- ASSIGNMENT:
Identify every line in the records below that contains the word "from", and reproduce each one.

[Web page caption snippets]
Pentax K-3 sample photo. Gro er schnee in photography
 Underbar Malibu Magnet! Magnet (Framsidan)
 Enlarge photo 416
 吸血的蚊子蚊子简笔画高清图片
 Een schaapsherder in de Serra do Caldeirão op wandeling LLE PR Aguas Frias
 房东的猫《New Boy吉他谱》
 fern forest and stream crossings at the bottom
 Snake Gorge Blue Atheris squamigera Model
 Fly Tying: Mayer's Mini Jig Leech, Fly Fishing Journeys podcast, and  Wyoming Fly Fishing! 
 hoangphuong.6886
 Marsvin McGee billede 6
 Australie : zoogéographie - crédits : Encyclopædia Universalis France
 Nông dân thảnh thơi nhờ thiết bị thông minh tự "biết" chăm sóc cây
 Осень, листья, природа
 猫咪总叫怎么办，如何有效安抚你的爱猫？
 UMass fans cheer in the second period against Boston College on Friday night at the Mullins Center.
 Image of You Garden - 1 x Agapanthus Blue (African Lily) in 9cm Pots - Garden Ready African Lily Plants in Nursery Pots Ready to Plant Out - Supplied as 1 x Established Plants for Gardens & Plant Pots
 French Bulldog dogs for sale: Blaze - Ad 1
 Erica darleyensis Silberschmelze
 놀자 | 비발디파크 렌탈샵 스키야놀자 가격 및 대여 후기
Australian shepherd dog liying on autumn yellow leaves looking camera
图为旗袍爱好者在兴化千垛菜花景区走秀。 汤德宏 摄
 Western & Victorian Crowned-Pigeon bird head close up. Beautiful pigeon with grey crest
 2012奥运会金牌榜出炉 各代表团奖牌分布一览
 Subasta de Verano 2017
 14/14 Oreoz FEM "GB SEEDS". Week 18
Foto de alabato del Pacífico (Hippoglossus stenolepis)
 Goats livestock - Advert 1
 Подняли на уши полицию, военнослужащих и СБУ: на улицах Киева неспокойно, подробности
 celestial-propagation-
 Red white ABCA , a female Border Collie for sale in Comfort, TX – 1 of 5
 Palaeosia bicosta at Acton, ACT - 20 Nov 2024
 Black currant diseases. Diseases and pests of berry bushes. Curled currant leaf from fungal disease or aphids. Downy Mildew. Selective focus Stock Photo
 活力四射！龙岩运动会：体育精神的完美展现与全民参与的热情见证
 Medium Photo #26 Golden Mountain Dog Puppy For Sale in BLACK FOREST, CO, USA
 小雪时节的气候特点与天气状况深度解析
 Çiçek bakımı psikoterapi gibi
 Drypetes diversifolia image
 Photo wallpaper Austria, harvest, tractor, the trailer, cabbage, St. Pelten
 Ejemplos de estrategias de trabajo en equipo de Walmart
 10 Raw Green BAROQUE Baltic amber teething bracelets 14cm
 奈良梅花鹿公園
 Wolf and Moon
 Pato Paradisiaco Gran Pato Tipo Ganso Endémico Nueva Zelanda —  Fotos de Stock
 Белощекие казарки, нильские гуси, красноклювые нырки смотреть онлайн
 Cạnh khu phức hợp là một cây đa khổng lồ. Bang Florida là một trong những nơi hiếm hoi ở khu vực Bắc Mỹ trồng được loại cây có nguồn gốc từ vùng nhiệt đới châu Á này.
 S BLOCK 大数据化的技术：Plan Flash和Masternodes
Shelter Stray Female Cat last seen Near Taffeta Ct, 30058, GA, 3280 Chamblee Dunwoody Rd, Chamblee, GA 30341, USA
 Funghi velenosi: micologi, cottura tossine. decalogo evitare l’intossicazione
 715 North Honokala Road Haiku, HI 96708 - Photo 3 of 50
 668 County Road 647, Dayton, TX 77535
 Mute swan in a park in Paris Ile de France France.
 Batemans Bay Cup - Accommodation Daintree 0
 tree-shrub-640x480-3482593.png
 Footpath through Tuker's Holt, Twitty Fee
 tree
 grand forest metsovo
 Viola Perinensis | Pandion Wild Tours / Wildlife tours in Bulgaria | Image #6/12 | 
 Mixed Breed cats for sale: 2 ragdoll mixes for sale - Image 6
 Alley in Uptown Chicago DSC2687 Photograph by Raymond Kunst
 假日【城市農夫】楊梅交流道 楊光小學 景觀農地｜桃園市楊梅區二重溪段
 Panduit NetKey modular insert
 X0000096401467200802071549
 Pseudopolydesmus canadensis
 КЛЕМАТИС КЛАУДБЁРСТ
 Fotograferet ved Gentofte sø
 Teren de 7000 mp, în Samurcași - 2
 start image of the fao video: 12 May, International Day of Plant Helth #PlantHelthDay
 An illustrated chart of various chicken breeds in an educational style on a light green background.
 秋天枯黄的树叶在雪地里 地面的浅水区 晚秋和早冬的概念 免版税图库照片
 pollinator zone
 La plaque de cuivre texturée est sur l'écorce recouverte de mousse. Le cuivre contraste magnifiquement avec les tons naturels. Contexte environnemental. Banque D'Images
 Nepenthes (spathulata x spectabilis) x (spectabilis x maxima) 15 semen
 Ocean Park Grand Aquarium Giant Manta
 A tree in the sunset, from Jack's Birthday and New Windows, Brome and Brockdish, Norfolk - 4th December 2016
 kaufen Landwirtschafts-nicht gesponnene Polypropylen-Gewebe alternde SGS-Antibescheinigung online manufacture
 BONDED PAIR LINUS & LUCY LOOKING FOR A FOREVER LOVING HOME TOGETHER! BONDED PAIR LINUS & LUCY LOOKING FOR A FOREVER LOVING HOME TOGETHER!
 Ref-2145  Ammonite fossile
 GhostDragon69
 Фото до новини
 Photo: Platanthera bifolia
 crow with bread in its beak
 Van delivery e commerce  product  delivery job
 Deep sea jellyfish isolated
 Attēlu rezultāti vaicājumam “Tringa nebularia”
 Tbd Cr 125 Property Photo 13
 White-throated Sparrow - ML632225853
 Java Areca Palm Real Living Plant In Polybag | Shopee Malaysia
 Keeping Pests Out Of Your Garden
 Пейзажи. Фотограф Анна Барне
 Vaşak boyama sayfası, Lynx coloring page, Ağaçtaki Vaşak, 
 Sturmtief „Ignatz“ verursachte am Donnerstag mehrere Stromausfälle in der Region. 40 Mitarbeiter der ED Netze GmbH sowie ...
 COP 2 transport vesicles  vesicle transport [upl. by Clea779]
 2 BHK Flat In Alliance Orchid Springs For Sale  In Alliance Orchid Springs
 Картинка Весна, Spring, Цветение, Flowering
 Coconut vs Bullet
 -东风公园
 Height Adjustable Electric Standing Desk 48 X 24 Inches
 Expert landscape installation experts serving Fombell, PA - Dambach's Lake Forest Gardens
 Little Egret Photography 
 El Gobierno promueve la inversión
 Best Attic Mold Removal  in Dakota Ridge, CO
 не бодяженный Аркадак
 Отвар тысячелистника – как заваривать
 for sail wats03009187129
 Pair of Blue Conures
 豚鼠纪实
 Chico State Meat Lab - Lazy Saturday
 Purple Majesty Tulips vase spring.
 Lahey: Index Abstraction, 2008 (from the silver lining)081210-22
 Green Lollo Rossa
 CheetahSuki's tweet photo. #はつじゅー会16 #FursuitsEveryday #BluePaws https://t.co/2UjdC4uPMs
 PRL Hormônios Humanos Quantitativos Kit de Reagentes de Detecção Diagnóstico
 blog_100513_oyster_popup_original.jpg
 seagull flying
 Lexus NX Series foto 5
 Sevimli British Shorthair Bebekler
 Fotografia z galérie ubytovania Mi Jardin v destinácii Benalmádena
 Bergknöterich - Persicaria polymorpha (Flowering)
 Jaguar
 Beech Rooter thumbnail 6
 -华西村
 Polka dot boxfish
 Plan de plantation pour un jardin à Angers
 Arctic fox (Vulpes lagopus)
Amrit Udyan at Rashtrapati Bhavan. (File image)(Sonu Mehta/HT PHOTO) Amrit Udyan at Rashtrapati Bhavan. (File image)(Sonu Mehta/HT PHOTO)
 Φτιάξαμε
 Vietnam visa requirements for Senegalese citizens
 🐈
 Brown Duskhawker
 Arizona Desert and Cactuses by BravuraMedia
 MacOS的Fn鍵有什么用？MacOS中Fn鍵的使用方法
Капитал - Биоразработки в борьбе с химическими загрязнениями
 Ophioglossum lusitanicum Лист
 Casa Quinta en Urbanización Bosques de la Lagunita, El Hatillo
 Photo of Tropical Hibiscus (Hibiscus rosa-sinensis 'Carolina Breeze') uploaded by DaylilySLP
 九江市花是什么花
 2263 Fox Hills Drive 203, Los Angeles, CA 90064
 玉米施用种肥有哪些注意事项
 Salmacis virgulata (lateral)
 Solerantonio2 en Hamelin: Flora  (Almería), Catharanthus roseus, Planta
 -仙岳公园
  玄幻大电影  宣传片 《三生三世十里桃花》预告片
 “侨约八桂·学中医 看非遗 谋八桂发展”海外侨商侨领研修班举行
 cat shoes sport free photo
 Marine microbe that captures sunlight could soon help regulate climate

- WRITTEN SOLUTION:
 Black currant diseases. Diseases and pests of berry bushes. Curled currant leaf from fungal disease or aphids. Downy Mildew. Selective focus Stock Photo
 A tree in the sunset, from Jack's Birthday and New Windows, Brome and Brockdish, Norfolk - 4th December 2016
 Lahey: Index Abstraction, 2008 (from the silver lining)081210-22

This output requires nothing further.